If you want your programming ability to be an asset you can leverage, there are two ways: you can be a systems/networking/distributed systems developer, or you can learn a topic like computer vision, AI/machine learning/NLP. In first case you should know C, C++, socket programming, distributed systems and (for few companies) general JVM basics (garbage collection, performance) like the back of your hand (this is something you can still do to a large extent on your own time). In the second case, you should be sure to have a solid grasp of the Computer Science / Math / Stats involved.

Both of these are applicable in many areas: from finance, to highly scalable web applications, to stand-alone products (web browsers require a lot of systems programming chops, there is also data mining software, enterprise search, security/spam prevention...). You don't need a Ph.D for both of these, and (unfortunately) outside of Google, Oracle, Facebook and a few other companies (that have a healthy relationship with the academia) a Ph.D. is considered a negative. They do require persistence, passion and willingness to invest time and take risks: taking jobs in companies willing to take a risk _on you_ by giving you challenges and responsibilities.


There was a time when a factory worker or auto mechanic could save and buy a house.


My auto mechanic lives right next to my parents, but has slightly more expensive home. My dad is a mathematician, my mom is a software engineers and this is all in Silicon Valley. Yes, they're in Almaden and not in Menlo/Atherton.

A rank-and-file software engineer working on say business applications or relatively non-specialized software can still afford a home in Fremont (even less expensive).

If you want to buy a home in the 280/101 corridor or in Manhattan, yes, you need to do something different. Don't expect to have a 98-99th percentile income without being at 99th percentile in your profession (but again, doable for a Staff Engineer at Google, or someone who joined a relatively safe-bet pre-IPO startup like Facebook).

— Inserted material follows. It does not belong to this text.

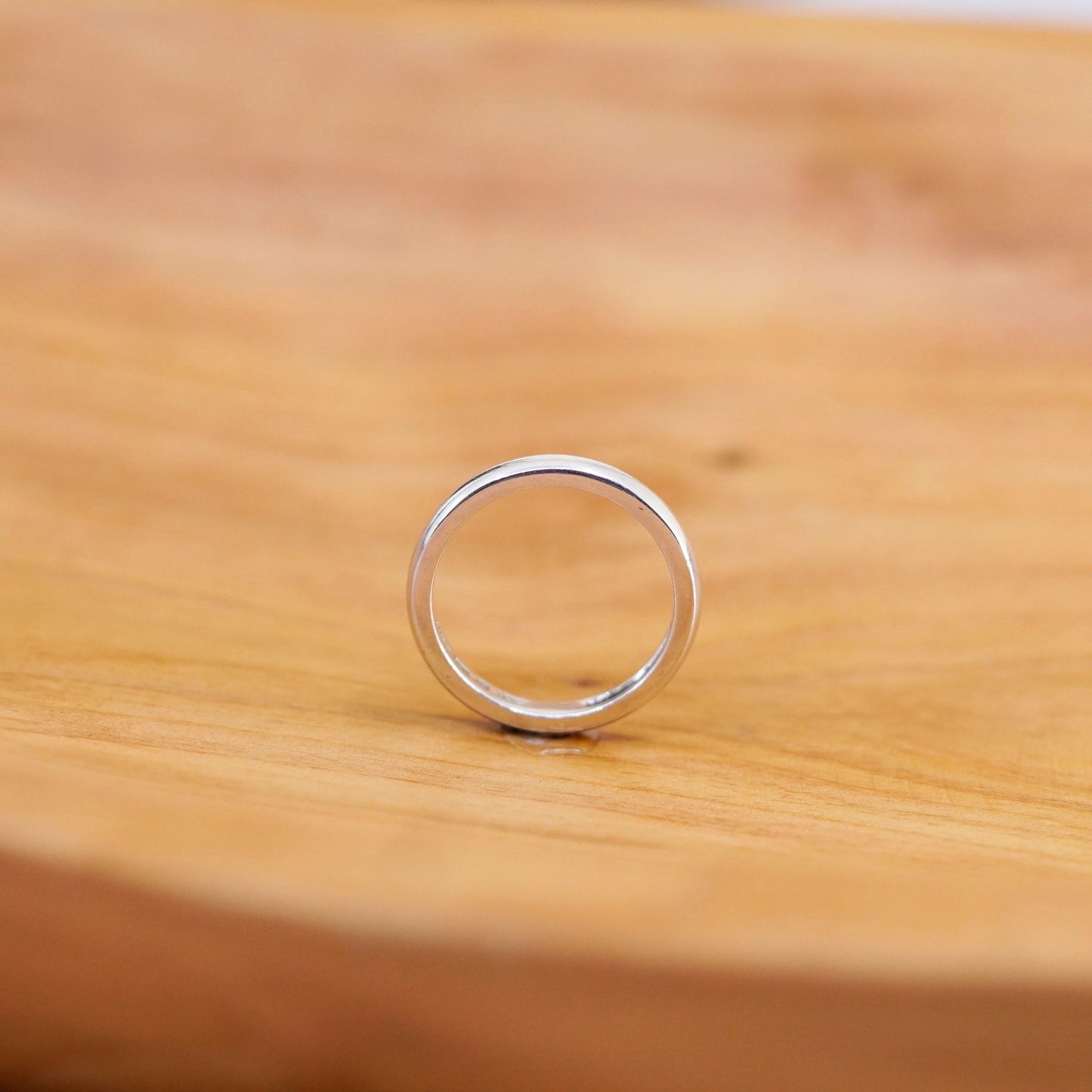 Size 9, vintage designer sterling silver handmade ring, 925 wedding band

Quality people are easy to find, the job boards are full of them.

Good luck finding a quality company or competent management.

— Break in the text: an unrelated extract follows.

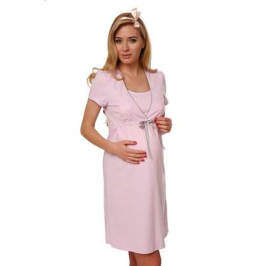 Italian fashion Felicita Rose Ночная рубашка с коротким рукавом для беременных кормящих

Quality people are easy to find, the job boards are full of them.

I'm fairly certain those are the same people we're always talking about being unable to solve fizzbuzz.


[dead]


Outside of the Googles and Facebooks, this couldn't be further from the truth. Its so hard to find talent these days, and easy for the talent to jump ship to other firms, that most are hiring whoever is even remotely qualified just to remain fully staffed.


Ageism is the elephant in the corner of the room. That and the vestiges of the old class system. A manager on the "graduate fast track" doesn't want to admit that his skills are simply not that difficult and so refuses to offer market rates for dev talent, who he sees as mere "workers".


Haha, funny.

Wait, that was a joke, right?


I assure you that if you are not an extremely well-known brand name dev company, advertising for months without finding a single candidate, let alone a qualified candidate, is absolutely the norm.


qualified

There you go. Who determines who is qualified? HR screening everybody in the dev business that doesn't have a compsci resume? Under 30 years old? Been out of work for a few years living on savings?

I've said it before and I'll say it again, the developer scarcity is artifical


We're a 9 person shop. The devs (ie, me and two other guys) determine who is qualified where qualified means "can code their way out of a paper bag".

Out of the three of us, I'm the only one with a CS degree. We sure as hell aren't looking at academic qualifications. Basically competent coders are absolutely a scarce resource. More than basically competent are rare and precious diamonds in the rough.


A single exception doesn't mean your right.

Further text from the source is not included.